Historically, cars and smartphones developed in parallel on wildly different timescales. In the smartphone revolution’s formative years, Apple and Samsung reinvented their devices every twelve months like clockwork; the automotive industry, meanwhile, spent half a decade or more designing a new model, having it certified by regulatory bodies around the world, scaling up production and releasing it. This mismatch in pacing put these industries on a collision course: As automakers rushed to put navigation systems and concierge services in their cars that were outdated by the time they rolled off the assembly line, smartphone and mobile data use exploded, often covering the same ground (Google Maps, Yelp, the list goes on). While iOS and Android — and the apps they offered — improved immeasurably over the span of half a decade, the systems in our cars barely moved. Even the most forward-thinking in-car systems like Ford’s SYNC were panned for being slow, finicky and complex. And unlike a phone, it’s much more difficult to swap out your car every year or two.

The introduction of Apple’s CarPlay and Google’s Android Auto were designed to solve this conflict. By supporting these systems and ceding control of entertainment and navigation systems to Google and Apple, automakers could bring the world of mobile apps and familiar and beloved user experiences to consumers. Automakers also could stop plowing resources into unfamiliar areas and focus on what they do best — making cars — while iOS and Android would finally have a way to integrate cleanly without a suction-cup mount on the windshield.

But the reaction from the auto industry has been mixed. While some companies — Hyundai, Volkswagen and GM, for instance — have been fairly aggressive in supporting the systems, several of the world’s largest automakers, including Toyota, Ford and BMW, still have no timeline in place. (Some haven’t even committed to supporting them at all.)

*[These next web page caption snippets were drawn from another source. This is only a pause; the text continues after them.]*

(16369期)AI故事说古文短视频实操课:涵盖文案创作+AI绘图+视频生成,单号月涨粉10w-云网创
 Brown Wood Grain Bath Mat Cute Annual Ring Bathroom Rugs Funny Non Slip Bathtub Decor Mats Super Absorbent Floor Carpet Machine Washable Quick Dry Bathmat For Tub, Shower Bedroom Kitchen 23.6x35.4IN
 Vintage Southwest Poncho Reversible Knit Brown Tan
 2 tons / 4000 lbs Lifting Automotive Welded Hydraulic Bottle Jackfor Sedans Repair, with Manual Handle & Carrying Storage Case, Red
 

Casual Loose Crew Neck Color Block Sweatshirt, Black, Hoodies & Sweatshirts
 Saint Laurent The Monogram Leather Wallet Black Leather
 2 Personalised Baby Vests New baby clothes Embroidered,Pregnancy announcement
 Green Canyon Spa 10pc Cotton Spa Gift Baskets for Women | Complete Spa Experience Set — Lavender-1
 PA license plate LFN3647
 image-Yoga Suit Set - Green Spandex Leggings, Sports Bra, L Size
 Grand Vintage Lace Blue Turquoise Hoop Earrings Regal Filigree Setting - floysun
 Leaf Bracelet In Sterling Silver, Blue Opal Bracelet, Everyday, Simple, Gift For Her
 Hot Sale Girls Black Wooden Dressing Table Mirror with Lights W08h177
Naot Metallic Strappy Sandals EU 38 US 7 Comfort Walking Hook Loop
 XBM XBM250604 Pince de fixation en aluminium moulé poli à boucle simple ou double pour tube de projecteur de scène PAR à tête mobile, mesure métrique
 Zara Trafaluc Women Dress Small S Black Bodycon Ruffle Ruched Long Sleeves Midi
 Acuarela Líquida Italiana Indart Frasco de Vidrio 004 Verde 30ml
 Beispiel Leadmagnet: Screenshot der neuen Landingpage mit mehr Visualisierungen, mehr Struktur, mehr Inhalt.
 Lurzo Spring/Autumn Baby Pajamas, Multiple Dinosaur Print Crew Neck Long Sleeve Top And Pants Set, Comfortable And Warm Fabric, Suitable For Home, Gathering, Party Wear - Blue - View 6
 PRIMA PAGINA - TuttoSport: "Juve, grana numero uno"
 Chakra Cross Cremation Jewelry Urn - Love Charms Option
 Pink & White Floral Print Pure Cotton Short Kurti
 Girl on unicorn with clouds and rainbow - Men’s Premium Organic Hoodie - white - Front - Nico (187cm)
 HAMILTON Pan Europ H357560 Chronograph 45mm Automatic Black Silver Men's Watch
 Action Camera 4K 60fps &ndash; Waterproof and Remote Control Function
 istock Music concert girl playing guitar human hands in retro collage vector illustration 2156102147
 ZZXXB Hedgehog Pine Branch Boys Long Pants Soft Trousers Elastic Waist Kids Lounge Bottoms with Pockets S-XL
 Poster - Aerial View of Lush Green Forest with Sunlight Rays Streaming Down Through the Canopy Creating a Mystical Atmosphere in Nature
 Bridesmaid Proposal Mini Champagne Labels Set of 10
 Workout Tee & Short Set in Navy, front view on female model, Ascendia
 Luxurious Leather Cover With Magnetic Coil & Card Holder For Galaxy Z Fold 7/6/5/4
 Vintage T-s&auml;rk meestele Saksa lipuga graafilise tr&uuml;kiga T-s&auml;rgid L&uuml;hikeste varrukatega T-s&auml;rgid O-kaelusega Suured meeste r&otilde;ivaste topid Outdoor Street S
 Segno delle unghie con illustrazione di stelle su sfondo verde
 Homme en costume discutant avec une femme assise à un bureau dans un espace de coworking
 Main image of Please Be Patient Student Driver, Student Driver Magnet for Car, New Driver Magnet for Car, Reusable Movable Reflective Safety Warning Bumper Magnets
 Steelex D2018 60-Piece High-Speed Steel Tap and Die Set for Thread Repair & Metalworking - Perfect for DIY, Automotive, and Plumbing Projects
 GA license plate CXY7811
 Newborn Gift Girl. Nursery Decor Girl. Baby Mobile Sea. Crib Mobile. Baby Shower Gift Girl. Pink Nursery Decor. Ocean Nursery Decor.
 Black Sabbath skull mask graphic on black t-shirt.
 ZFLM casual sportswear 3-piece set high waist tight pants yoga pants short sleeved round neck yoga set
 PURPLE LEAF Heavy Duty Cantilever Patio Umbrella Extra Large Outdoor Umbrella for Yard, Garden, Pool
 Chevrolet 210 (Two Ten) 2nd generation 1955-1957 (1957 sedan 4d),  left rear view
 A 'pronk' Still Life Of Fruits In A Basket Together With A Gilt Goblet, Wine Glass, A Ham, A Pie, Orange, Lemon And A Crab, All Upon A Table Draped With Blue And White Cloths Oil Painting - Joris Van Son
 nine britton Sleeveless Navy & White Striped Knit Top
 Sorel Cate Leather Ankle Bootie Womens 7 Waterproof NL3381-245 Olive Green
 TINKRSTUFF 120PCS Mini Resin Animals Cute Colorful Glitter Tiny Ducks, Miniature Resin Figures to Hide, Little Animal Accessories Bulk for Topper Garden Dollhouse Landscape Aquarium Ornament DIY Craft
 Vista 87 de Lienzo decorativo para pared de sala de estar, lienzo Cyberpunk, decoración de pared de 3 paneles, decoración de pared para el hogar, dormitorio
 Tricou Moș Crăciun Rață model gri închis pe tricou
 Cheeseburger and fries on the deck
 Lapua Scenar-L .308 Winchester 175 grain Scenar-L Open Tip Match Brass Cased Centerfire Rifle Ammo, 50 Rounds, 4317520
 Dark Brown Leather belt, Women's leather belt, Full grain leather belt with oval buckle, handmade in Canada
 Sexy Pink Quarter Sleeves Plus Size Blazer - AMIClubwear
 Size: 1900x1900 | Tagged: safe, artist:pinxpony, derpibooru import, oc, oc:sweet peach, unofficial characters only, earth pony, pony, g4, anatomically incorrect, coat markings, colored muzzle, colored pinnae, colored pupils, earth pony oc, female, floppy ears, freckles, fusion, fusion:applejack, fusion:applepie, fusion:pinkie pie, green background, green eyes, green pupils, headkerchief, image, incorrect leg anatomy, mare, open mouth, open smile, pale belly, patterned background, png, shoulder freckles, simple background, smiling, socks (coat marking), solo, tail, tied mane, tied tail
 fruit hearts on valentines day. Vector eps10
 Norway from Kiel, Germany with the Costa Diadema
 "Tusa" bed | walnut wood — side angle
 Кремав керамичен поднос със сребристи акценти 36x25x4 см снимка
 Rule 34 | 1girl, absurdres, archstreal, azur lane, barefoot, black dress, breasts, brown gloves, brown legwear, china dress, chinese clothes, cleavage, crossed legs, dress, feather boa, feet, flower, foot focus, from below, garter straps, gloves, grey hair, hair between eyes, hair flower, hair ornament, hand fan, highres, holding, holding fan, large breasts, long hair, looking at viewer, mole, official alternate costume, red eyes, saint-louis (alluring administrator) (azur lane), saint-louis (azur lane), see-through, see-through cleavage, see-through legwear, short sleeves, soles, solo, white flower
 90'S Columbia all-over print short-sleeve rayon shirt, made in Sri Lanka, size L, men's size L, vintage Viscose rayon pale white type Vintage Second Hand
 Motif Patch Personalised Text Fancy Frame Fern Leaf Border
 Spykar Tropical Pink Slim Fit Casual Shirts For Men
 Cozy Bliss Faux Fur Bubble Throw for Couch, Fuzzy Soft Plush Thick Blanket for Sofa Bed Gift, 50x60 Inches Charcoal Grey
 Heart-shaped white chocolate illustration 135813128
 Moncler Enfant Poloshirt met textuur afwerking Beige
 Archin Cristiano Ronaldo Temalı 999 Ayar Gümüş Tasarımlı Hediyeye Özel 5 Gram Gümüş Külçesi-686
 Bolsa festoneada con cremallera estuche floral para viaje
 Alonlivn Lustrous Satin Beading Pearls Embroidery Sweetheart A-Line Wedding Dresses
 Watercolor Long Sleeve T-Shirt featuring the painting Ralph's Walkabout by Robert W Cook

The glacial pacing of the auto industry relative to the consumer electronics industry is at least partly to blame, but it’s not the only culprit; after all, GM now offers CarPlay on a majority of the vehicles that it sells. A deeper issue, I believe, is pride — a sense that automakers are at risk of losing their identities by ceding control of the dashboard to Silicon Valley. The companies that have not committed to offering CarPlay or Android Auto are often quick to mention that they’re only acting in the best interest of their customers and trying to deliver the best experience possible.

But here’s the thing: They have proven time and again that they are not able to deliver the best experience possible. It’s not their fault, really — the cards stacked against them are manifold: The slower development cycle, the learning curve of a UI entirely different from that of our smartphones, the inability to achieve scale with a proprietary in-car app platform. But while this plays out, customers — everyday car buyers – are the pawns in a global tug-of-war. No one wins.

We know how this ends, because we’ve seen a variation of it before. Major Android smartphone manufacturers like Samsung, HTC and Motorola once made deep changes to the stock Android on which they were based, more often worsening the experience for the user than improving it. Over time, these OEMs have heard the complaints from customers and the media and backed off, hewing closer to Android’s roots. The result, I’d argue, has been a better selection of world-class flagship Android phones than at any point since the platform’s debut.

I believe we’ll see the same thing in the auto industry. The generation of vehicles that’s rolling off assembly lines today is likely the last one where buyers won’t consider excellent smartphone integration a basic, must-have feature. Over the next several years, automakers will come to understand this, one negative customer interaction at a time. Eventually, CarPlay support will be a universally standard feature, no different from air conditioning or power windows.

It’s just going to take a little pride-swallowing (and perhaps some lost sales) to get there.

Chris Ziegler is deputy editor at The Verge and oversees the publication’s transportation coverage.